## What to work on:
For each record below, retype the text exactly and omit any image.

## Data to process:

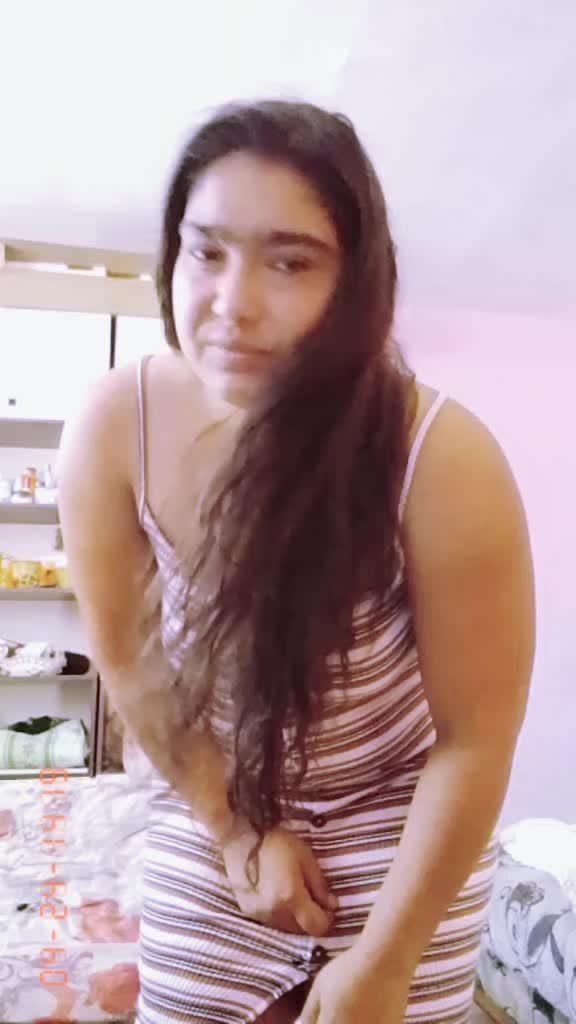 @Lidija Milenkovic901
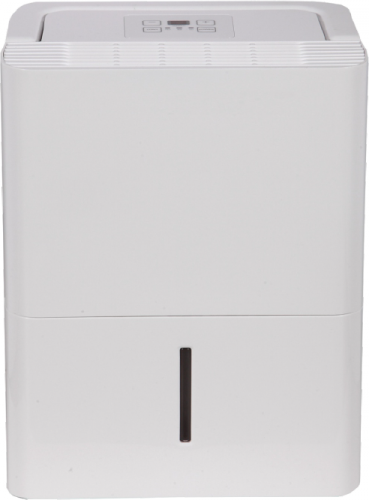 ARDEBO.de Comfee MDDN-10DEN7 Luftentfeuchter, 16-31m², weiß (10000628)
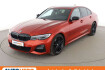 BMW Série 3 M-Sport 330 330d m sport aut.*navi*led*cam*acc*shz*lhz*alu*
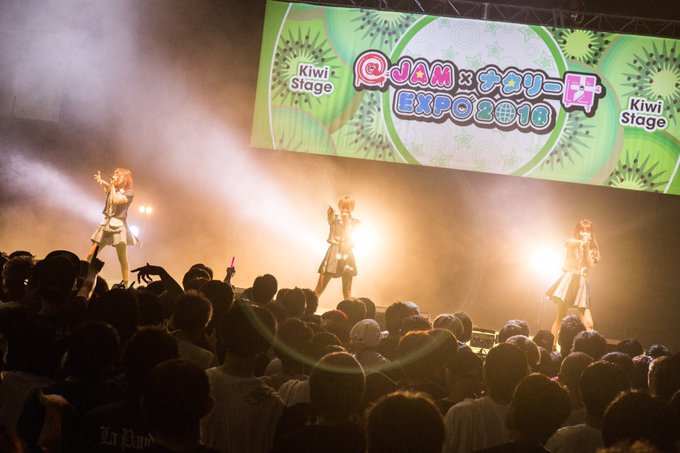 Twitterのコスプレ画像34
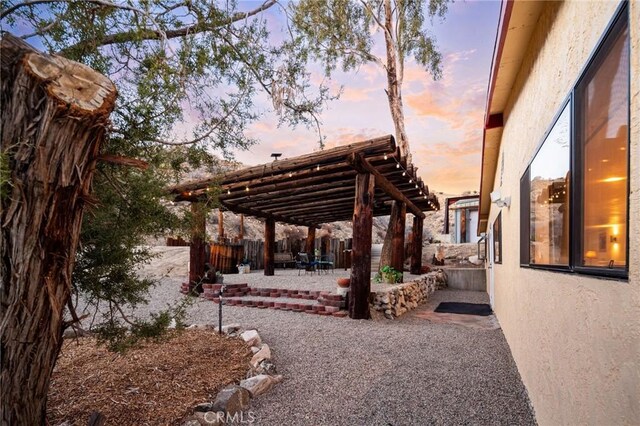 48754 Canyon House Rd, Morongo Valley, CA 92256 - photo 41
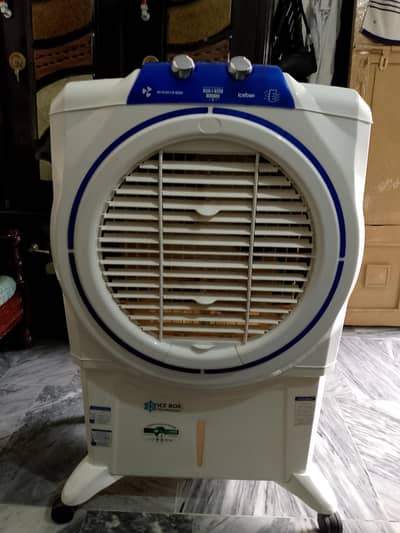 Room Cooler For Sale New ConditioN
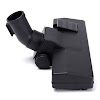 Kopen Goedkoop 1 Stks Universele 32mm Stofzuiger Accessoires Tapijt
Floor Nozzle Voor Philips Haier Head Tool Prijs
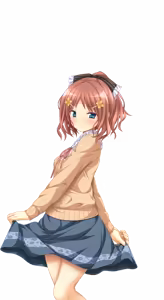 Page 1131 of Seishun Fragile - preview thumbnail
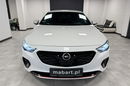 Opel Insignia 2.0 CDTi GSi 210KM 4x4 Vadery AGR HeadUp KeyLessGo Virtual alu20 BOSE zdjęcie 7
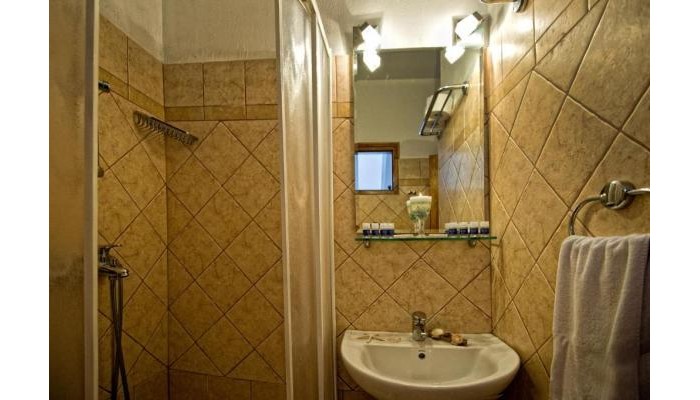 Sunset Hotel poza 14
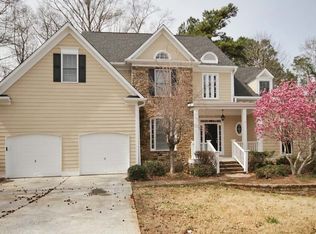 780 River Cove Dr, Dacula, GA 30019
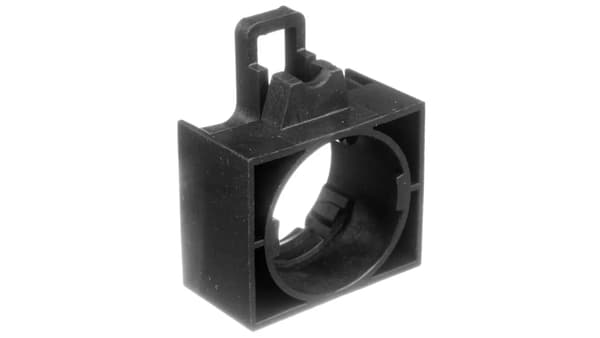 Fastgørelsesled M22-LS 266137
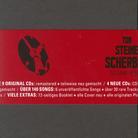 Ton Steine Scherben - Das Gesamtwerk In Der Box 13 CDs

## Task output:
 @Lidija Milenkovic901
 ARDEBO.de Comfee MDDN-10DEN7 Luftentfeuchter, 16-31m², weiß (10000628)
 BMW Série 3 M-Sport 330 330d m sport aut.*navi*led*cam*acc*shz*lhz*alu*
 Twitterのコスプレ画像34
 48754 Canyon House Rd, Morongo Valley, CA 92256 - photo 41
 Room Cooler For Sale New ConditioN
 Kopen Goedkoop 1 Stks Universele 32mm Stofzuiger Accessoires Tapijt
Floor Nozzle Voor Philips Haier Head Tool Prijs
 Page 1131 of Seishun Fragile - preview thumbnail
 Opel Insignia 2.0 CDTi GSi 210KM 4x4 Vadery AGR HeadUp KeyLessGo Virtual alu20 BOSE zdjęcie 7
 Sunset Hotel poza 14
 780 River Cove Dr, Dacula, GA 30019
 Fastgørelsesled M22-LS 266137
 Ton Steine Scherben - Das Gesamtwerk In Der Box 13 CDs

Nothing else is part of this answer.